■ Exercise brief:
Ignoring the images, restate the records below word for word.

■ Extracted records:
---

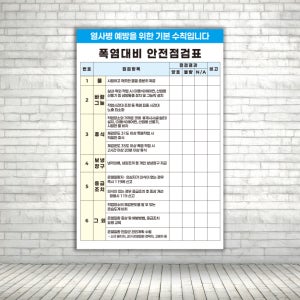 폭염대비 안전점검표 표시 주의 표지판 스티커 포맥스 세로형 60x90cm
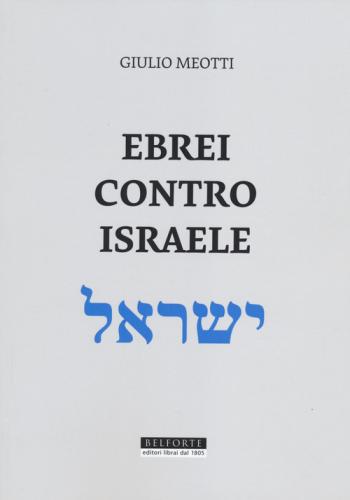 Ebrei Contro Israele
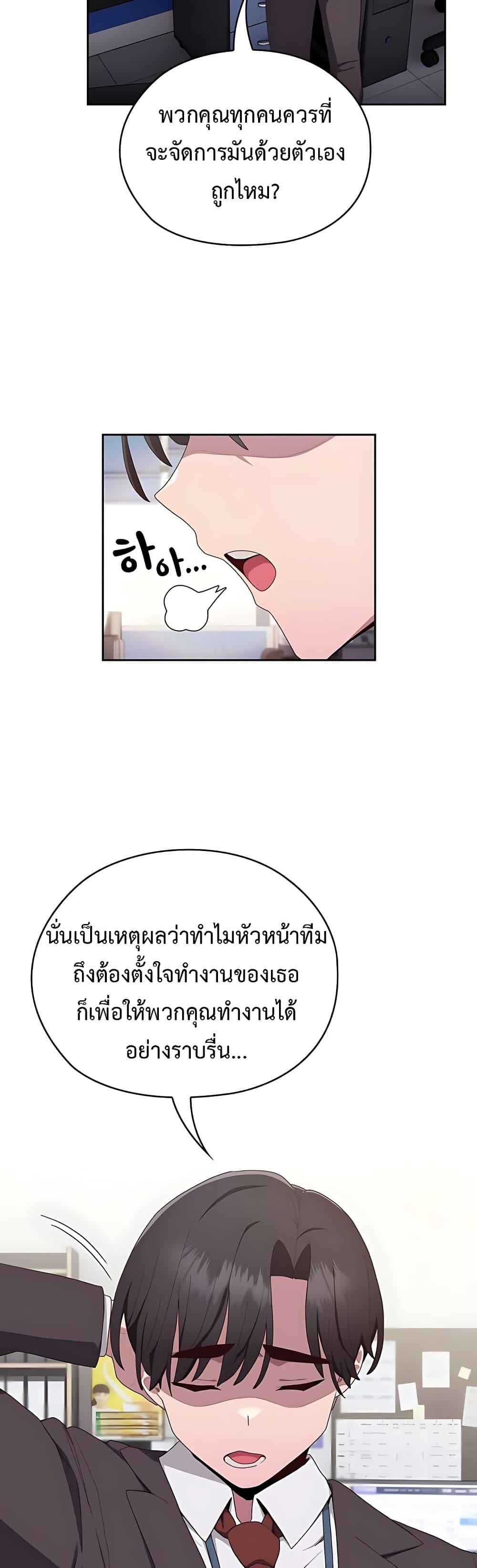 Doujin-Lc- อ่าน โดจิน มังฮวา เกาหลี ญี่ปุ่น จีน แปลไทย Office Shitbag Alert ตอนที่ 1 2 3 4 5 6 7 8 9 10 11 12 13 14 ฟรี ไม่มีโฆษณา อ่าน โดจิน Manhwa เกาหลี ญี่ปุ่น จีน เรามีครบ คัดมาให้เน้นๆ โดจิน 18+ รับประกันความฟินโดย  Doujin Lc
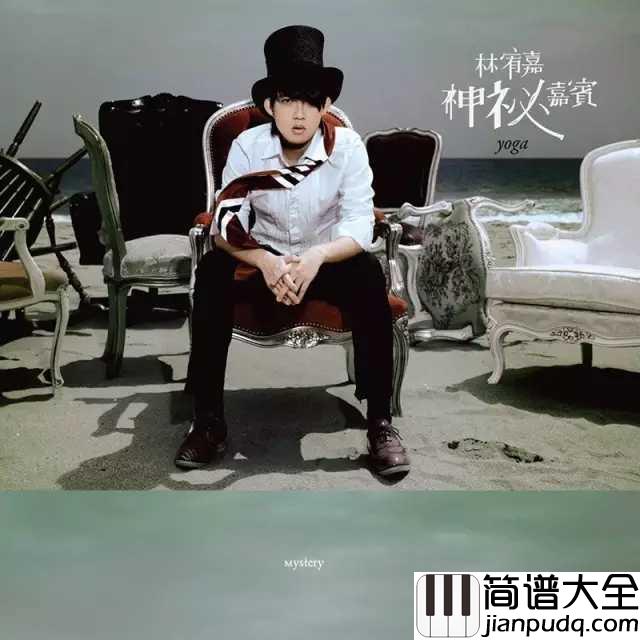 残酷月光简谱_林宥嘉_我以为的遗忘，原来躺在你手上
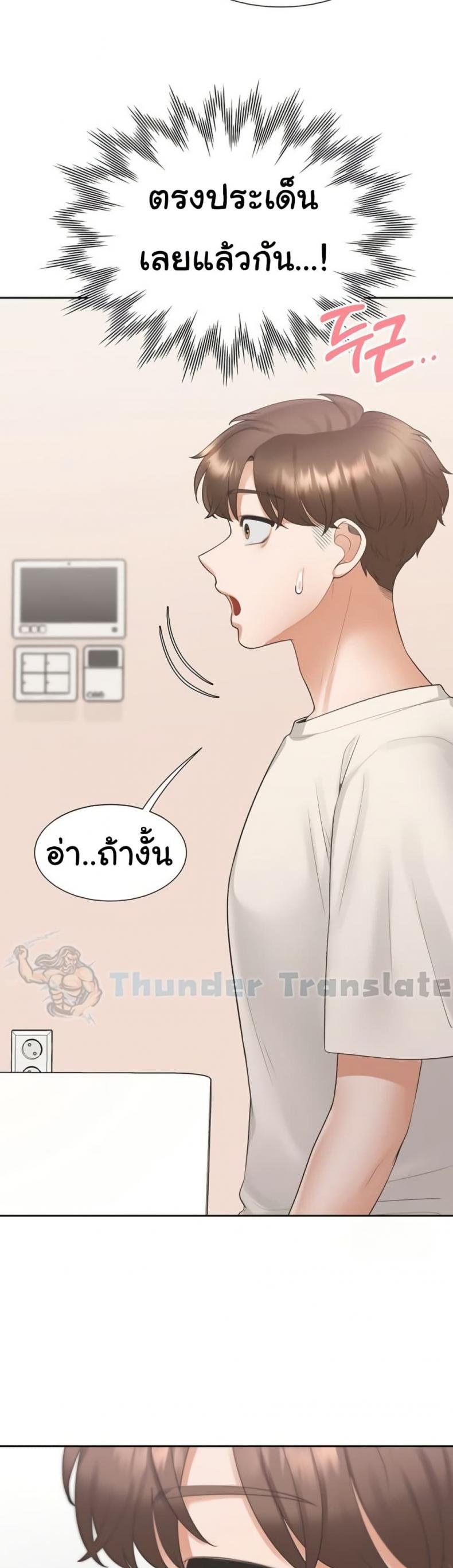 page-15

---

■ Written reply:
 폭염대비 안전점검표 표시 주의 표지판 스티커 포맥스 세로형 60x90cm
 Ebrei Contro Israele
 Doujin-Lc- อ่าน โดจิน มังฮวา เกาหลี ญี่ปุ่น จีน แปลไทย Office Shitbag Alert ตอนที่ 1 2 3 4 5 6 7 8 9 10 11 12 13 14 ฟรี ไม่มีโฆษณา อ่าน โดจิน Manhwa เกาหลี ญี่ปุ่น จีน เรามีครบ คัดมาให้เน้นๆ โดจิน 18+ รับประกันความฟินโดย  Doujin Lc
 残酷月光简谱_林宥嘉_我以为的遗忘，原来躺在你手上
 page-15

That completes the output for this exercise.